◆ Records to process
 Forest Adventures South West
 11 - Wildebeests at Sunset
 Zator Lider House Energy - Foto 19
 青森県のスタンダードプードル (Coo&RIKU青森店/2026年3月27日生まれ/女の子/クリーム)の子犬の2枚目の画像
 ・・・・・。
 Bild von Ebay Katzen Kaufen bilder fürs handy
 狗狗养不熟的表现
---
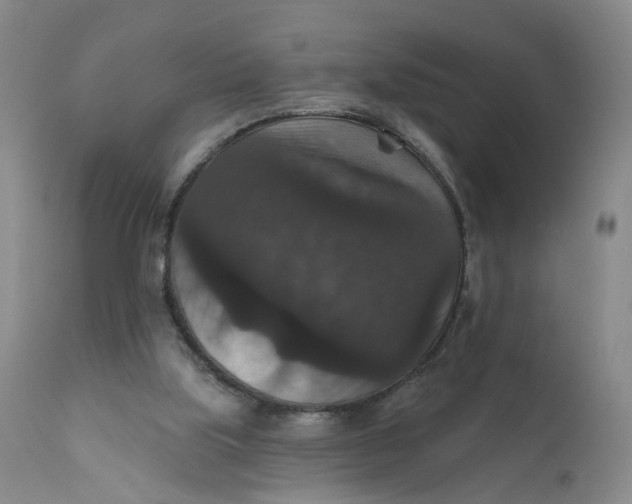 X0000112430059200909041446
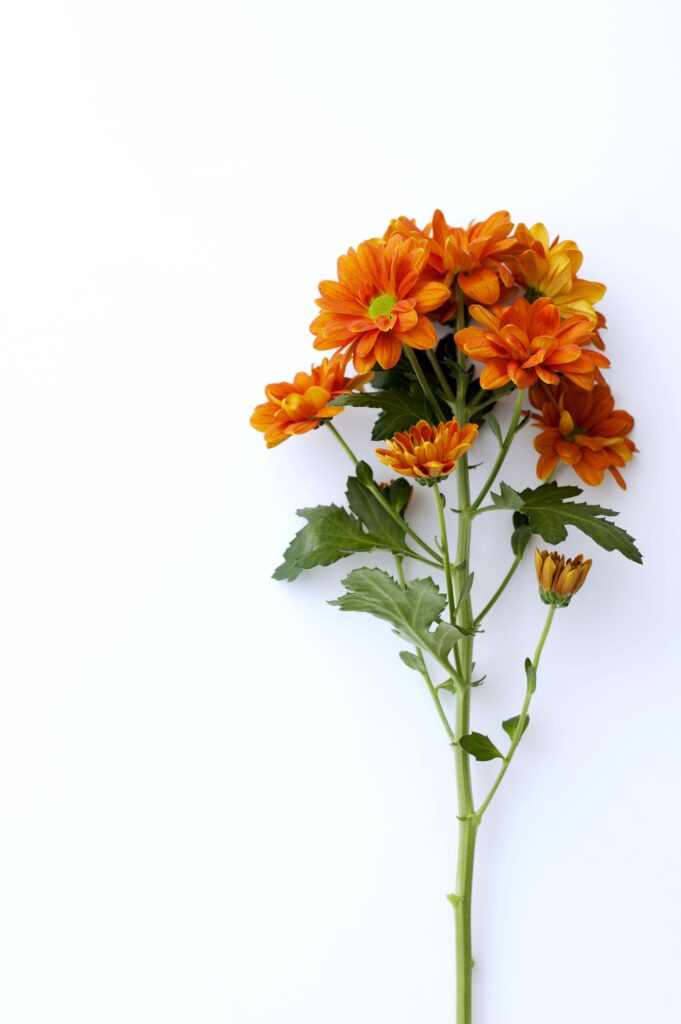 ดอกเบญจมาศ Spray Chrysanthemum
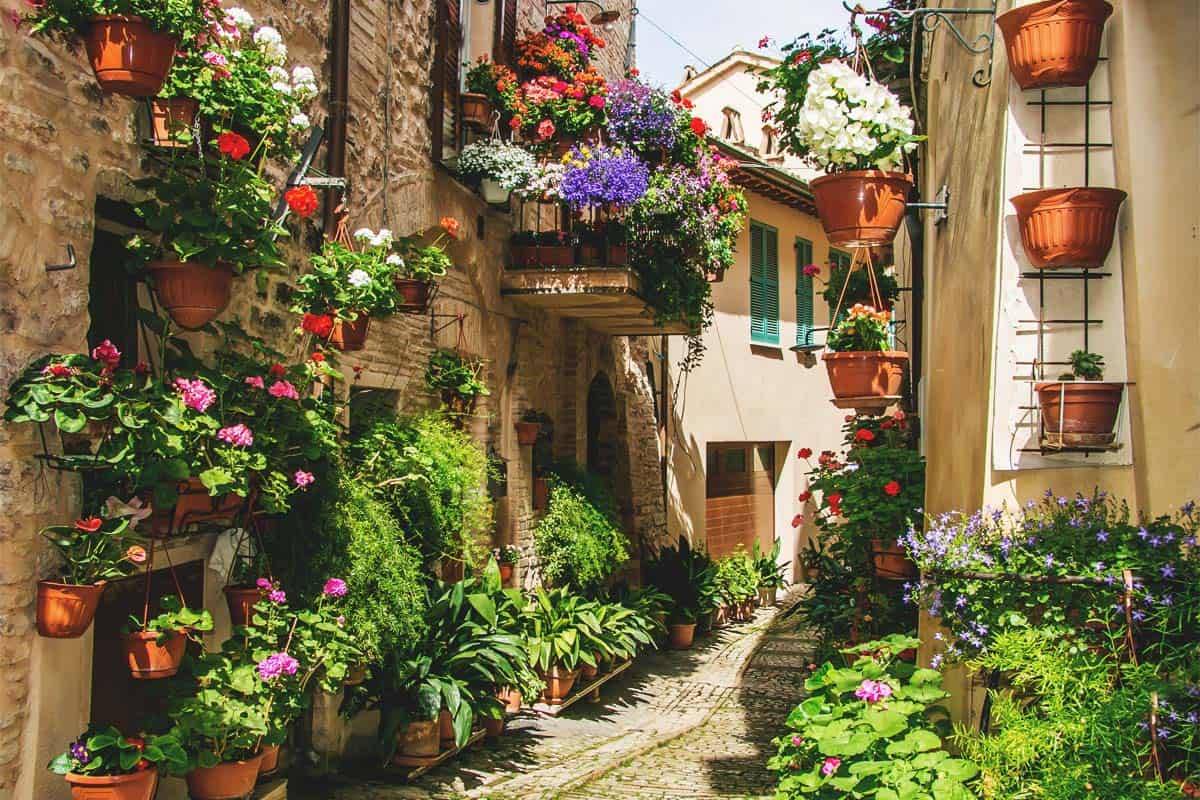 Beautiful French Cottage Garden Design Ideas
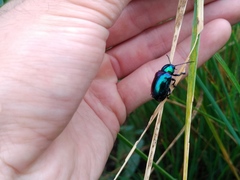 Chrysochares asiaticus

◆ Work to complete
Each line above starting at the one holding "Beautiful French Cottage Garden Design Ideas" and ending at the one holding "Chrysochares asiaticus" should be set down exactly as it stands, both ends included, with no pictures.

◆ Exercise result
 Beautiful French Cottage Garden Design Ideas
 Chrysochares asiaticus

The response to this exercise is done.